Lab Policy

Models Meet Data

Introduction

Labs in CS 307 are split into two related assignments.1

  • Lab Model: You will develop a model and submit it to PrairieLearn.
  • Lab Report: You will write a report and submit it to Canvas.

Each lab will involve developing machine learning models for a real world situation using real world data.

  • The model you submit will be graded based on its performance.
  • The report you submit will be graded based on its ability to communicate the purpose, performance, and usability of the model.

Lab Model

The model assignment of the lab will consist of two questions on PrairieLearn.

  • The Summary Statistics question will ask you to calculate several numeric summaries of the training data.
  • The Model question will autograde a model that you are asked to develop.

Model Requirements

When developing a model for labs, you may use any modeling techniques you’d like, so long as it meets these requirements:

  • Your model must start from the provided training data, unmodified.
    • Importantly, the types and shapes of X_train and y_train should not be changed.
    • In the autograder, we will call mod.predict(X_test) on your submitted model, where your model is loaded as mod and X_test has a compatible shape with and the same variable names and types as the provided X_train.
    • In the autograder, we will call mod.predict(X_prod) on your submitted model, where your model is loaded as mod and X_prod has a compatible shape with and the same variable names and types as the provided X_train.
    • If preprocessing is necessary, it should be included in your model via a pipeline.
  • Your model must have a fit method.
  • Your model must have a predict method.
  • If the lab is a classification task, your model must have a predict_proba method.
  • Your model must be developed using Python 3.13.1 or newer.
  • Your model must be created with scikit-learn version 1.7.1 or newer.
  • Your model must be serialized with joblib version 1.5.2 or newer.
  • Your serialized model must be less than 5MB.
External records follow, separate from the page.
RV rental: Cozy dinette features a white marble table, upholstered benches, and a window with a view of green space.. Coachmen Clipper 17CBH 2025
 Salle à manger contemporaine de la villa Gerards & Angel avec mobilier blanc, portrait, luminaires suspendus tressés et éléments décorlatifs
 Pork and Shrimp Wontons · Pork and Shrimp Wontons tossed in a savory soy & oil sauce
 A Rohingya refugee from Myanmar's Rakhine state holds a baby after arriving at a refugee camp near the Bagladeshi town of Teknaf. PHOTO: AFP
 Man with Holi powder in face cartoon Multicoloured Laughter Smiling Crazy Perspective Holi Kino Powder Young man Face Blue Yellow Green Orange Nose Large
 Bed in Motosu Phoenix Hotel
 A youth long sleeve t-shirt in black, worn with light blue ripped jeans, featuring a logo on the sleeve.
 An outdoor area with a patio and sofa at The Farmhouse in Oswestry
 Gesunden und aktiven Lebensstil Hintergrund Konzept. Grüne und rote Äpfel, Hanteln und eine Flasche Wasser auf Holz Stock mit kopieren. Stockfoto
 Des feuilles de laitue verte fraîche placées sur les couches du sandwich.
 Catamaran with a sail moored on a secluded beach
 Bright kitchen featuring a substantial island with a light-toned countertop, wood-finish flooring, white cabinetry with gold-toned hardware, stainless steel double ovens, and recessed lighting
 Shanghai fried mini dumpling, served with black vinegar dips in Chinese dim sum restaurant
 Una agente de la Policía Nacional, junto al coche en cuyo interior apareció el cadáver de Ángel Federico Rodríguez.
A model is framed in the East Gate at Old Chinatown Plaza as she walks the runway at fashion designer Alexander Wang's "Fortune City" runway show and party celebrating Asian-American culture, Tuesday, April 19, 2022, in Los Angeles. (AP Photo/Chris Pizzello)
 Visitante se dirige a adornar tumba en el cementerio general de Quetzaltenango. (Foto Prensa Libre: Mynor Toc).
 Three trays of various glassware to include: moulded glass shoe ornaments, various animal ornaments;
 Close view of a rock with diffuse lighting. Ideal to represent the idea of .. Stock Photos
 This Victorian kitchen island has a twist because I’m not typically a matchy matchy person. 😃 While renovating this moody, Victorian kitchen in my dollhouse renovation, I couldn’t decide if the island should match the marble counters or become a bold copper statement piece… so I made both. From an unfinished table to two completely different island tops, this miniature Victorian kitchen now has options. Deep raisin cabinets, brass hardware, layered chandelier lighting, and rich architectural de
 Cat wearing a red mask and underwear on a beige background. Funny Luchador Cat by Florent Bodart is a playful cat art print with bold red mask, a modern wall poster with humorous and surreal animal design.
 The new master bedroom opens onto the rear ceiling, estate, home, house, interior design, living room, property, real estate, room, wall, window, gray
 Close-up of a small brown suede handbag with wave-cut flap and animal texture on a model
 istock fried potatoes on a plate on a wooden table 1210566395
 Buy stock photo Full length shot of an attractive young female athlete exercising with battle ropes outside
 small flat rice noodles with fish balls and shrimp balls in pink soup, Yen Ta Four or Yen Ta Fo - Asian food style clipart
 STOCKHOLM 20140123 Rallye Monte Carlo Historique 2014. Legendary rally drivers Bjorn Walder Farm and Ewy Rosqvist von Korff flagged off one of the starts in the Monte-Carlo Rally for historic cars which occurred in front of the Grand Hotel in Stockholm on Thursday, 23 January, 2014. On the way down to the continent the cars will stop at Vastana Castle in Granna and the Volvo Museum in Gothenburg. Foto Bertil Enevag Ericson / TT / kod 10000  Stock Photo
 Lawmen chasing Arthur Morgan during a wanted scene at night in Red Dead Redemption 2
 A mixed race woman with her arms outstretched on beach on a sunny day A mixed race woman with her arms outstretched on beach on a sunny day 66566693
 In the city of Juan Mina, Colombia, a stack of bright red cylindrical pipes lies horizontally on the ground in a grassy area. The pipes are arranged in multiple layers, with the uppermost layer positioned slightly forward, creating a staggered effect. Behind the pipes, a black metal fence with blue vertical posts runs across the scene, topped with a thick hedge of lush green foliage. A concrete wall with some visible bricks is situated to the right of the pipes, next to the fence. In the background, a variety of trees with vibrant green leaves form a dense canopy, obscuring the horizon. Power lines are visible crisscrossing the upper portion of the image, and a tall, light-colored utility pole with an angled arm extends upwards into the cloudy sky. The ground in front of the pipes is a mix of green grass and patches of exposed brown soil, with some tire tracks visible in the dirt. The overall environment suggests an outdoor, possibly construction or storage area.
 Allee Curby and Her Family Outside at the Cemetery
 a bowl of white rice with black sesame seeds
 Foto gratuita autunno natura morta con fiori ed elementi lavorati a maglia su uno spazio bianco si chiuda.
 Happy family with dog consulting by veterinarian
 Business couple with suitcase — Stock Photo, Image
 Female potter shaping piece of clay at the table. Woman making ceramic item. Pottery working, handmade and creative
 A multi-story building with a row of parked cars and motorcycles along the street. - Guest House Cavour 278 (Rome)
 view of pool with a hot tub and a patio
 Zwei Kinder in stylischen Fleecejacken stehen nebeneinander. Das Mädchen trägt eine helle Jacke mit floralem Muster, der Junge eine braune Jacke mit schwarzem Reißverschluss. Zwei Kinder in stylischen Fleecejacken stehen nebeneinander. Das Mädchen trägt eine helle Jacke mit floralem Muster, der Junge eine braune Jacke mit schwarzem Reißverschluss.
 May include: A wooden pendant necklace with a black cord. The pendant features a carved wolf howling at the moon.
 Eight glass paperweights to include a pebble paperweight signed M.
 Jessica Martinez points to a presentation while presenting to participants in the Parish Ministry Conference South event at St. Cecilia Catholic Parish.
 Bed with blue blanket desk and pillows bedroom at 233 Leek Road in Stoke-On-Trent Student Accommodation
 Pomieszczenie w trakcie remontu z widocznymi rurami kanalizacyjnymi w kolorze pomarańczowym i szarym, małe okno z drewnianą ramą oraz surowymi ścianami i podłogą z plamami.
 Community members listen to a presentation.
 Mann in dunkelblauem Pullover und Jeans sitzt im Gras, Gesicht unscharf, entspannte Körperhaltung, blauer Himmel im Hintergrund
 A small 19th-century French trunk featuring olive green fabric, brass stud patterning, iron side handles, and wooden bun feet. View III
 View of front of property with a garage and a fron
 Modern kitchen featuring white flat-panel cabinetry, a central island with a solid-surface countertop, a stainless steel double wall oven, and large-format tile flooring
While you can use any modeling technique, each lab is designed such that a model using only techniques seen so far in the course can pass the checks in the autograder.

To ensure that your model is developed using the correct version of Python and Python packages, recall the Computing Policy document. In particular, if you use the provided pyproject.toml for CS 307, those requires should automatically be met!

Model Submission

To save your models for submission to the autograder, use the dump function from the joblib library. This process of persisting a model to disk is called serialization.

from joblib import dump
dump(model_object, "filename.joblib")

The autograder will only accept a particular filename. Models submitted to the autograder must be less than 5MB on disk. For particularly large models, you may use the compress parameter of the dump function to reduce the size of the model when written to disk.

There will be a very non-trivial timeout between possible model submissions to the autograder. Do not expect to make multiple submissions near a deadline. More than anything else, the long timeout should encourage you to seriously consider model validation before submission.

Submissions for the summary statistics question will have a more modest timeout.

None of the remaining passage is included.